Have a read of these tips from some turkey roasting veterans.
Easiest Roast Turkey
We get our turkeys from Nick & Jacob at Fosse Meadows. As well as raising the best poultry in the land, they are dab hands in the kitchen and have a range of recipes on their site for making the most of their tasty birds.
To roast a turkey, they recommend the following method:
Preheat oven to 230C/Gas Mark 8. Remove turkey giblets and reserve. Place the turkey in a large roasting pan, brush the turkey generously with rapeseed oil and season with sea salt and black pepper and cover with foil. Place the turkey in the pre-heated oven and cook at this temperature for the first 30 minutes. Then, lower the oven temperature to 180°C/Gas Mark 4 and cook for approximately 30 minutes per kilo, basting every hour. Remove the foil for the last half hour, then rest for half an hour after cooking.
See the full method on their site, here
We asked our favourite local Instagrammer, Mike Heywood, to give us his best turkey tips. We ate his Thanksgiving turkey, so can testify to the deliciousness of the method!

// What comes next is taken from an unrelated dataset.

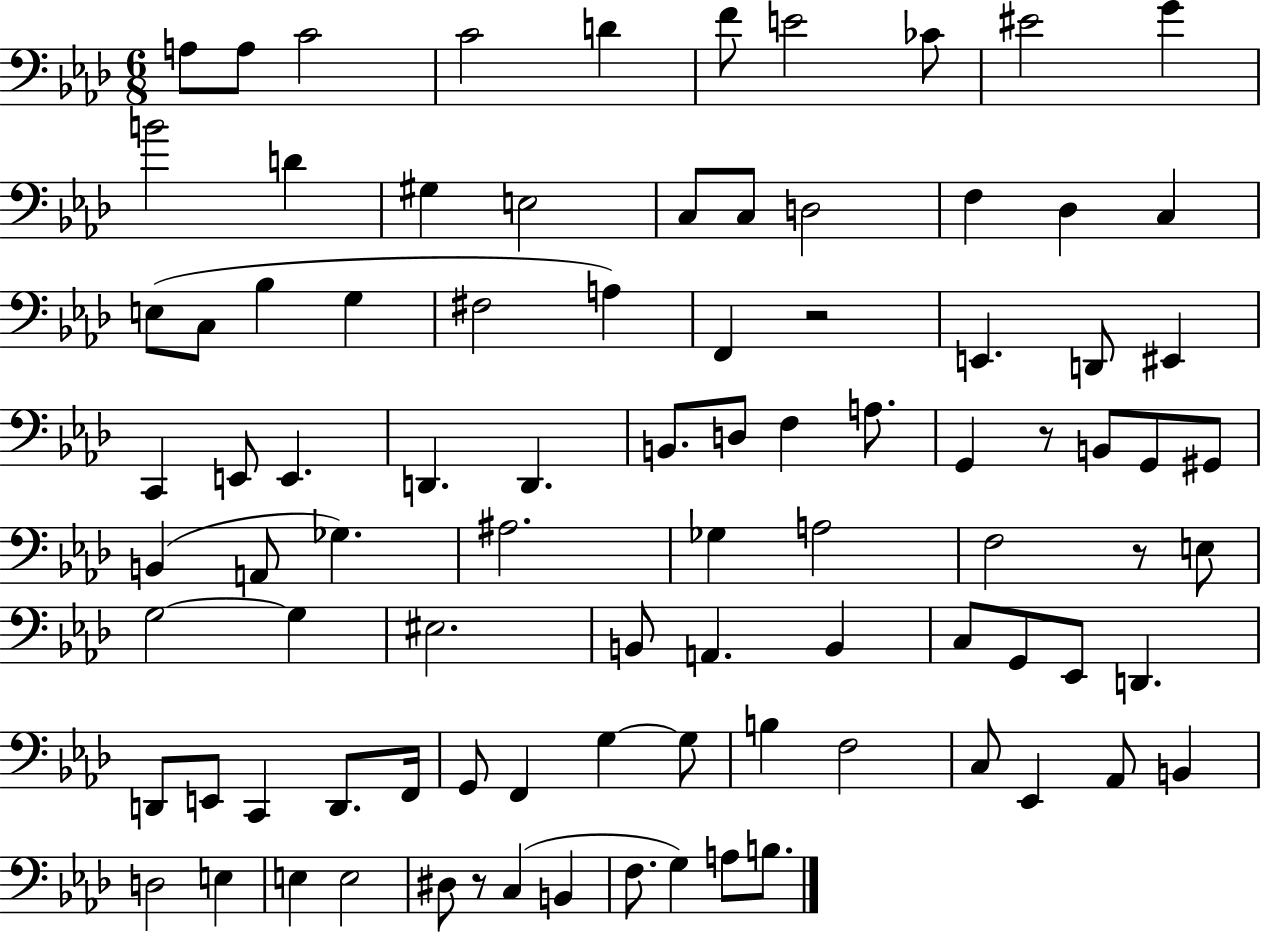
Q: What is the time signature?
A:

3 easy steps for a perfect Christmas bird
1. Dry brine. Brining in its traditional sense (submerging the whole bird in a solution of salt, sugar, water & spices) is a proven method for locking in moisture, tenderising and seasoning the bird from outside-in and inside-out. Dry brining has the same effect, minus the water. The key ingredient is the salt, which once rubbed all over the bird initially draws surface moisture from the meat, then dissolves into this moisture before getting reabsorbed back into the bird taking along with it any flavourings and seasonings of your choice. (We used about 1.5 cups of sea salt mixed well with 2 tbsp each of ground coriander seed, fennel seed, black pepper & Sichuan peppercorns). It's important to also season the cavity of the bird well to enable the 'inside out' bit of the process to work. The bird can then be left on a tray, uncovered on the lowest shelf of your fridge, happily for 2-3 days. Dry brining also means you can do away with trying to find a vessel large enough to contain the bird plus a huge amount of water sitting precariously in the fridge! When ready to cook, just remember to brush off any excess salt from the surface, and wipe out the cavity with some kitchen paper as the bird will have taken all it needs by this point.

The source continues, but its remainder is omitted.